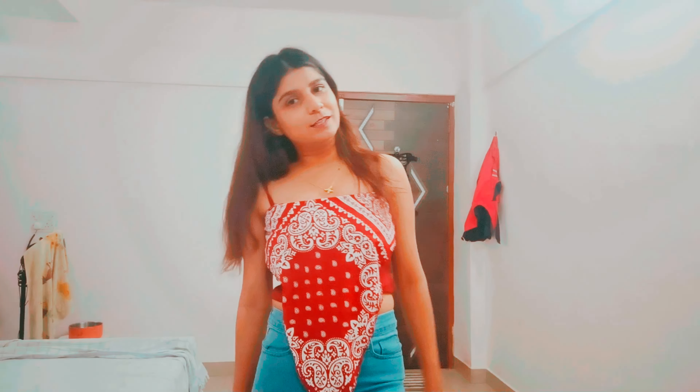So that's it for this video guys. I hope you liked my Meesho haul video in which I tried on all the clothes and showed you. If you liked it, hit like, share, comment and subscribe to my channel. Tata, bye bye!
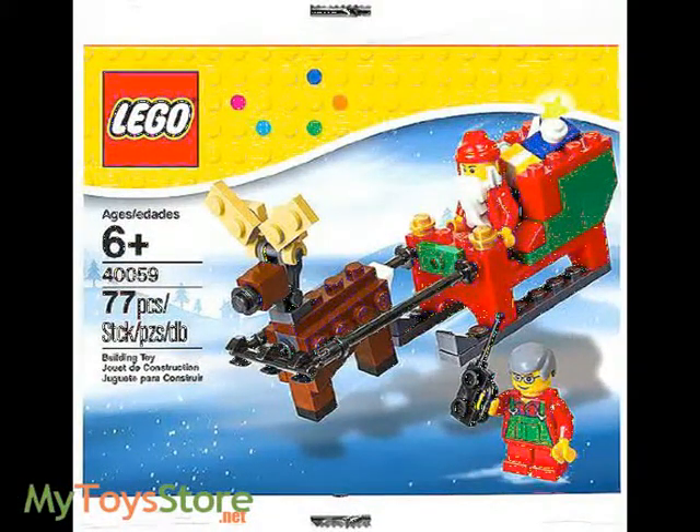Includes two minifigures: Santa and an elf. Features a sled with reins, a reindeer with adjustable antlers, a walkie-talkie, and gifts to deliver. Build a North Pole scene with LEGO Seasonal decor.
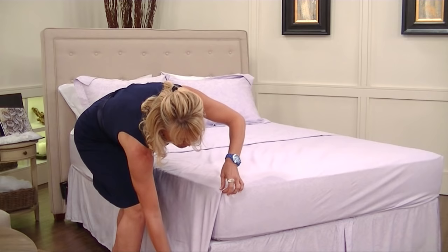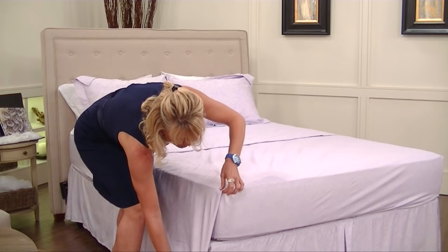You'll notice that it'll have a nice little generous curve. I like to bring it right to the vertical of the mattress. Some people leave it at the 45-degree angle, but I like to keep it nice and taut and vertical like this. Tuck it all the way up to the top. Make it beautiful and you've got a perfect hospital corner.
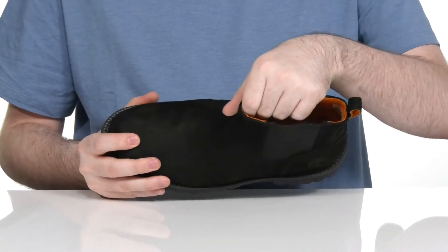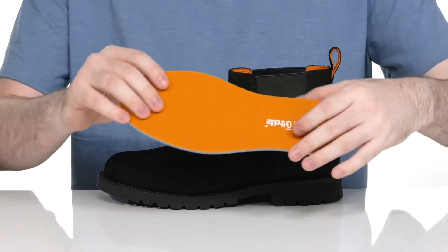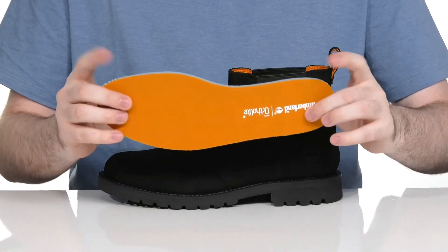The inside lining is leather and textile, keeping it cool and breathable. It comes with a removable Ortholite memory foam footbed to keep you cushioned underfoot and comfortable.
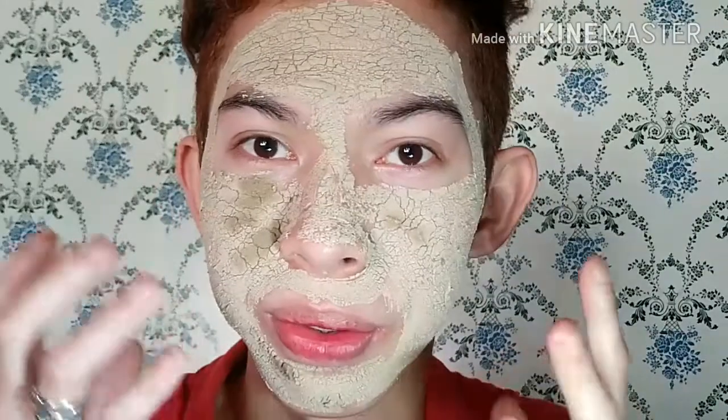Ayan guys, babalik ako after 15 minutes. Mayroon na 15 minutes yung pagbabad ko dito sa clay mask sa aking face. Napaka-bigat ng pakiramdam. Tapos hindi ko magalaw yung mukha ko kasi super tigas na siya. Pag ganito na tigas tigas na siya, pwede ko na siyang banlawan.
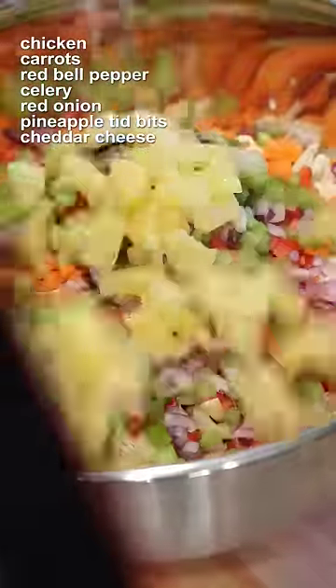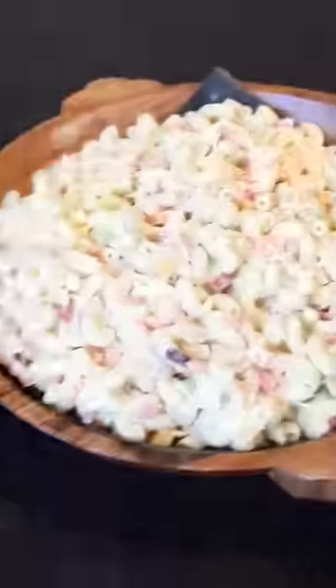Throw in your cold macaroni with chicken, crunchy vegetables, pineapple chunks, and diced sharp cheddar cheese. Toss until combined. Serve cold and enjoy. Maligayang Pasko at Manigong Bagong Taon!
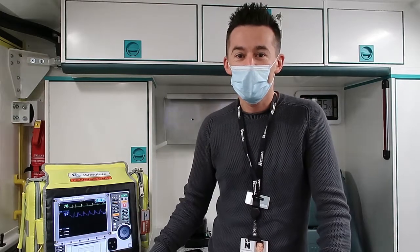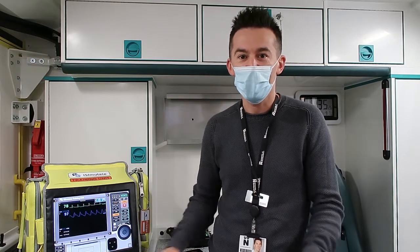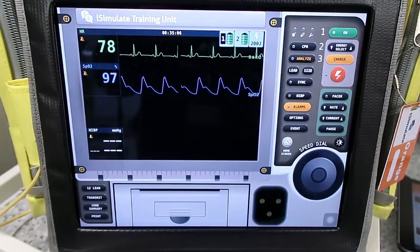Welcome to the Ambulance Suite at the University of Northampton. This is where we do most of our practical scenarios when we're training you to be a paramedic, and we've got lots of fancy equipment for you to explore. One of our main pieces of equipment we use is this.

■ Problem to solve ■
Nothing but the lines from the first line of the data through the line with "The inside lining" belongs in the answer, copied exactly and without pictures.

■ Output for this task ■
So that's it for this video guys. I hope you liked my Meesho haul video in which I tried on all the clothes and showed you. If you liked it, hit like, share, comment and subscribe to my channel. Tata, bye bye!
Includes two minifigures: Santa and an elf. Features a sled with reins, a reindeer with adjustable antlers, a walkie-talkie, and gifts to deliver. Build a North Pole scene with LEGO Seasonal decor.
You'll notice that it'll have a nice little generous curve. I like to bring it right to the vertical of the mattress. Some people leave it at the 45-degree angle, but I like to keep it nice and taut and vertical like this. Tuck it all the way up to the top. Make it beautiful and you've got a perfect hospital corner.
The inside lining is leather and textile, keeping it cool and breathable. It comes with a removable Ortholite memory foam footbed to keep you cushioned underfoot and comfortable.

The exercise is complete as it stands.